Sim, uma doida, pois todo o dinheiro que ganha como trabalhadora qualificada (tradutora pública nomeada mediante concurso feito depois dos 50 anos, em que botou no chinelo centenas de candidatos jovens), ela o aplica no trato de animais refugados pela insensibilidade dos outros. Lya não tem em casa bichinhos de luxo, mais semelhantes a bibelôs de jade. O vira-lata é a sua paixão, se se pode chamar de paixão à prática de um princípio racional, do mais correto sentido humanístico. Ela vê a natureza como um sistema harmônico, que é preciso conservar, estendendo às suas partes mais diversas e humildes a necessária compreensão. E também exercendo o amor e a piedade em benefício dos seres que, nesse conjunto estão submetidos ao arbítrio do homem, responsável pelo que se passa sob o seu domínio. Não se trata de esquecer a espécie humana em favor de outras espécies; trata-se de unir as partes desarticuladas do conjunto, notoriamente desequilibrado pelas imperfeições do processo civilizador.

Quem não aceitar esta filosofia de comportamento julgará Lya Cavalcanti apenas uma excêntrica, perturbadora da lei do silêncio (essa lei que ninguém respeita e sempre se invoca) e administradora de pulgas caninas. Na realidade, ela é um dos mais conscientes e evoluídos exemplares humanos de que se pode orgulhar o Brasil de nossos dias. Sua doçura de coração, sua largueza de vistas, sua dedicação total a uma causa que lhe dá muito mais sofrimentos do que alegrias, deviam fazer com que ela vivesse cercada do respeito e da cooperação de todos.

O que se viu semana passada foi o contrário. Arrombaram-lhe o domicílio para cumprimento de decisão judicial que ela se comprometera a acatar; arrebataram-lhe à força animais que ela ia confiar a pessoas dispostas a mantê-los, ou que levaria para sítio longe da cidade; mataram ou deixaram morrer na hora alguns desses animais; e conduziram-na, detida, ao posto policial, sob acusação de desacato à autoridade. A benevolência do delegado permitiu que Lya, com irrepreensível senso profissional, voltasse por momentos ao seu escritório, para completar uma tradução a ser entregue no mesmo dia. Depois, ela resgatou os animais apreendidos, conduzindo-os para onde não chega o arrebatamento dos que pretendem defender a justiça praticando a violência.

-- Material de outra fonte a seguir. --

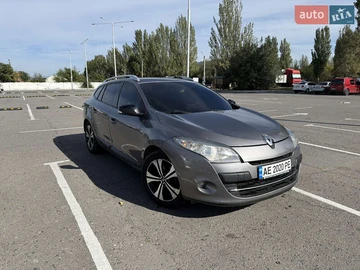 Авто Renault Megane 2011 № 8423908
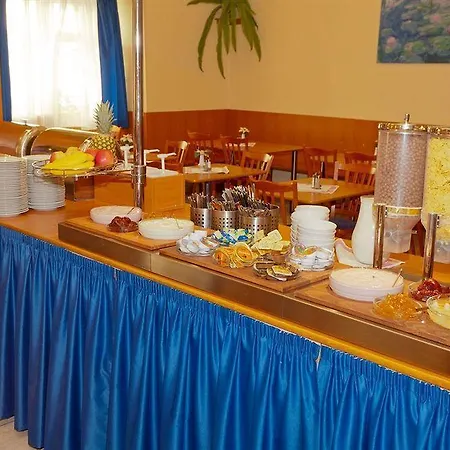 Adeba Отель Прага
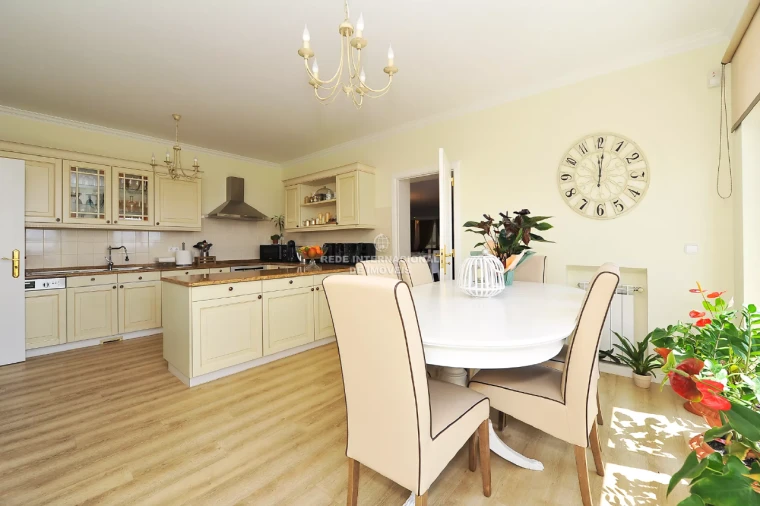 Moradia T5 para Venda em São João das Lampas e Terrugem Foto 8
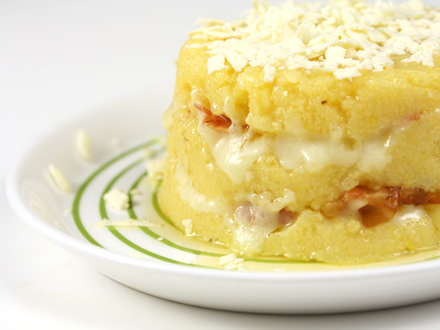 BAKED LAYERED MĂMĂLIGUȚĂ WITH CHEESE AND SMOKY BACON – COMFORT FOOD PERFECTION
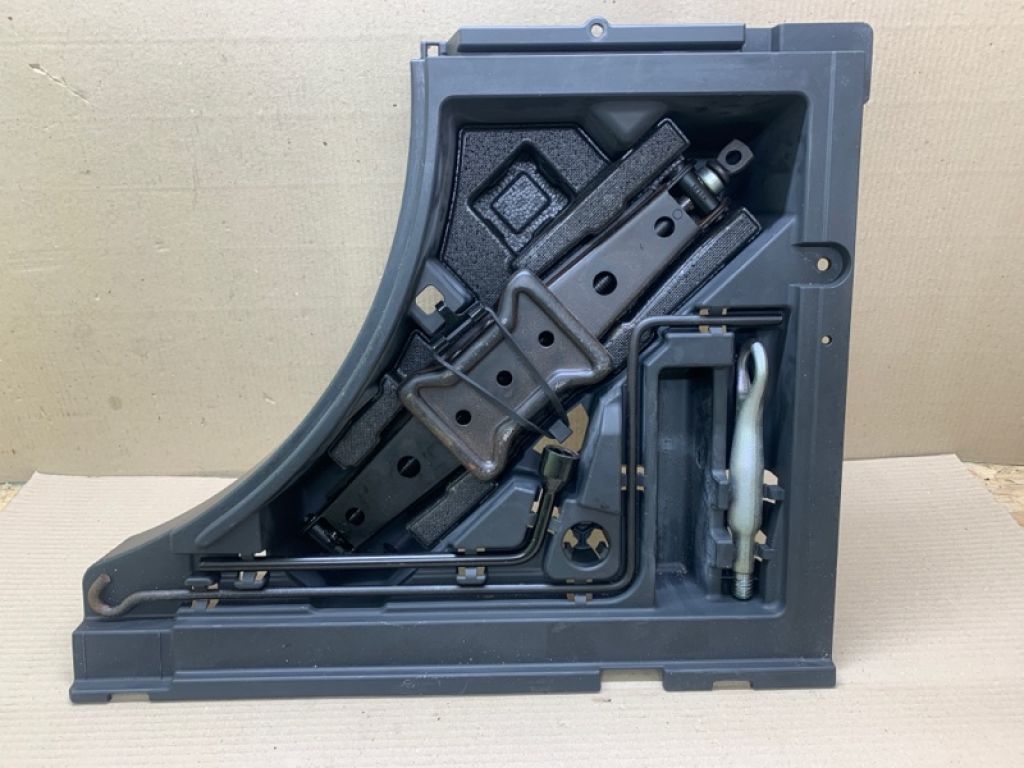 09111-0E010 | Набір інструментів LEXUS RX350/450 09-15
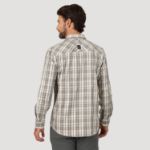 Picture of Wrangler NSP93 Wrangler Outdoor Heathered Plaid Utility Shirt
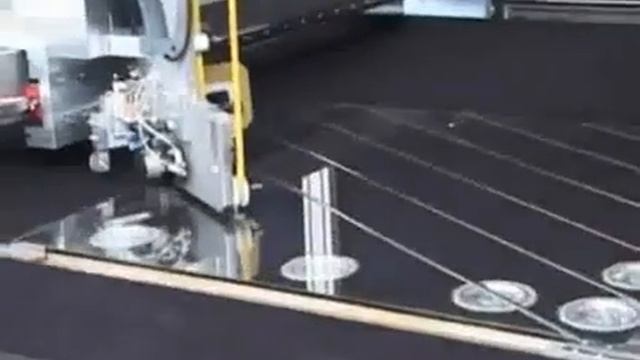 LYNX   2 Machine Video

Do episódio, Lya sai com o braço sangrando pela mordida de um dos cães, que destinara esse agrado a outrem; ela procurou evitar o ataque e levou as sobras. Não se queixa, e comenta com humor:

— Mas o Idi Amin Dada, eles não pegaram.

— Que Idi Amin é esse?

— Um cachorro mais valente que os outros.

O incidente não esmoreceu nela a chama de amor universal, de que deriva seu amor aos animais. Lya continuará, desta ou daquela maneira, a defendê-los, na tentativa de fazer o bicho-homem compreender, aceitar e estimar seus companheiros menos ilustres, na travessia da Terra. E deseja, de todos os colegas humanos, um pouco mais de boa vontade. Não aspira a ser adorada de perto. Basta-lhe ser entendida de perto.